Parallelisation

ANUGA uses two main approaches to parallelisation: MPI-based domain decomposition (multiple processes, distributed memory) and OpenMP threading (multiple threads, shared memory). The two approaches can be combined.

An experimental OpenMP target-offloading GPU backend is under development in the sp26 branch — see OpenMP Parallelisation for details.

For long parallel runs, see Checkpointing for how to save and restart simulations from periodic checkpoints.

Choosing an MPI distribution strategy

Four functions are available for distributing a domain across MPI ranks. The right choice depends on mesh size and how you construct the domain.

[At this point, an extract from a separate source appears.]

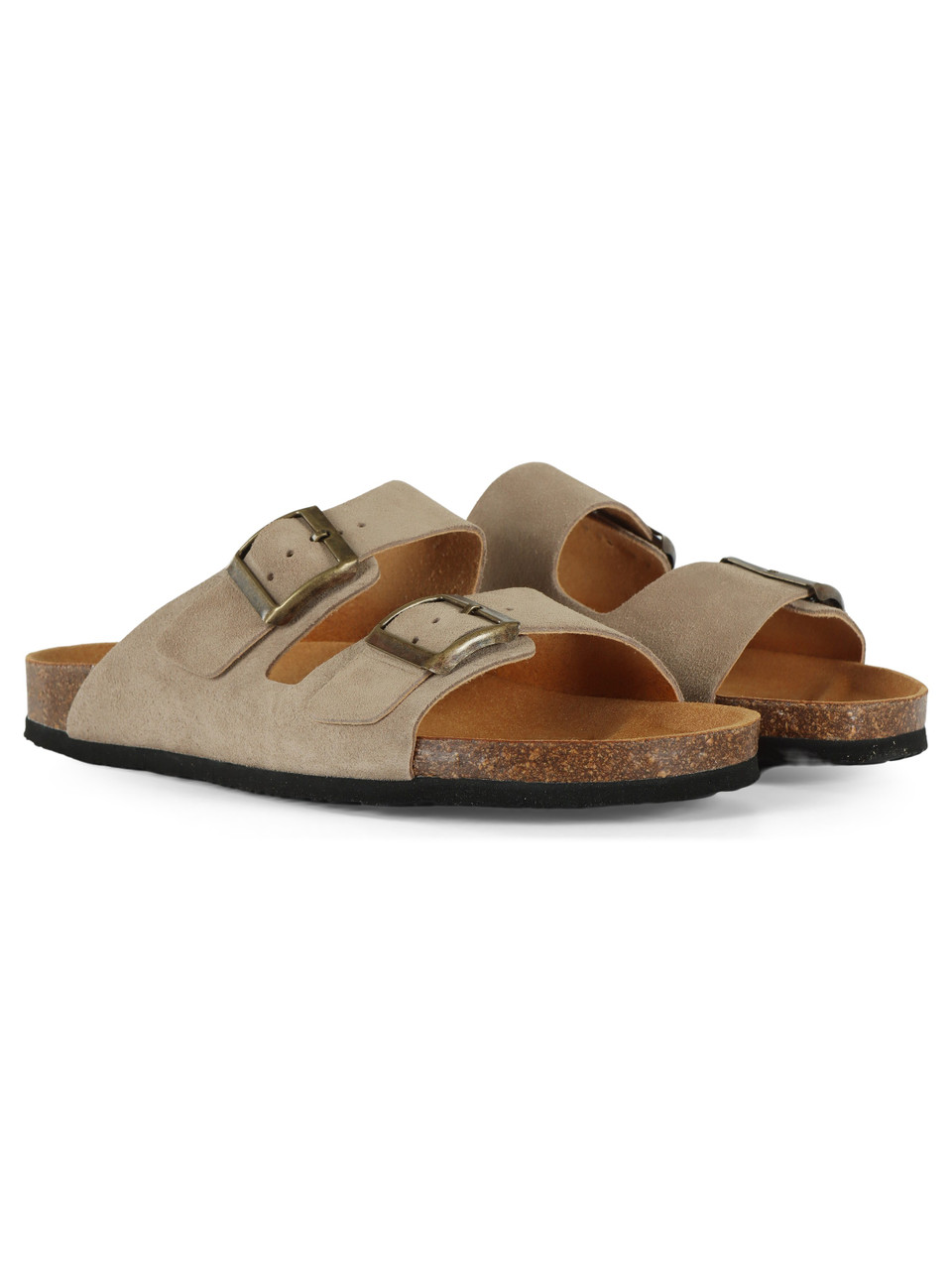 BEIGE | Sandali in suede TAJO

Function	Rank-0 peak memory	When to use
`distribute()`	Full domain + quantities	Default choice. Rank 0 builds the complete `Domain` (mesh + all quantities), then sends submeshes to other ranks. Simple drop-in for serial scripts.
`distribute_collaborative()`	Full domain + quantities (shared)	Same interface as `distribute` but rank 0 broadcasts topology via MPI shared memory (one copy per node instead of one per rank). Use when several ranks share a node and rank-0 memory is tight.
`distribute_basic_mesh()`	Topology only	Rank 0 builds a lightweight `Basic_mesh` (no quantity arrays), distributes topology, then every rank sets its own quantities. Best when quantity arrays would exhaust rank-0 memory.
`distribute_basic_mesh_collaborative()`	Topology only (shared)	Like `distribute_basic_mesh` but topology is broadcast via shared memory. Use for the largest meshes where even per-rank copies of the topology are expensive.

Decision guide

Does rank 0 have enough RAM to hold the full Domain (mesh + quantities)?
│
├─ Yes ──► Do multiple ranks share the same node?
│           ├─ No  ──► distribute()
│           └─ Yes ──► distribute_collaborative()
│
└─ No  ──► Does rank 0 have enough RAM for topology only (no quantities)?
            ├─ Yes ──► Do multiple ranks share the same node?
            │           ├─ No  ──► distribute_basic_mesh()
            │           └─ Yes ──► distribute_basic_mesh_collaborative()
            └─ No  ──► Reduce mesh resolution or use more nodes

As a rough guide, a mesh of N triangles with P quantities requires approximately 8 × N × P bytes for quantity arrays alone on rank 0 (double precision). Topology (coordinates + connectivity) is ~56 × N bytes.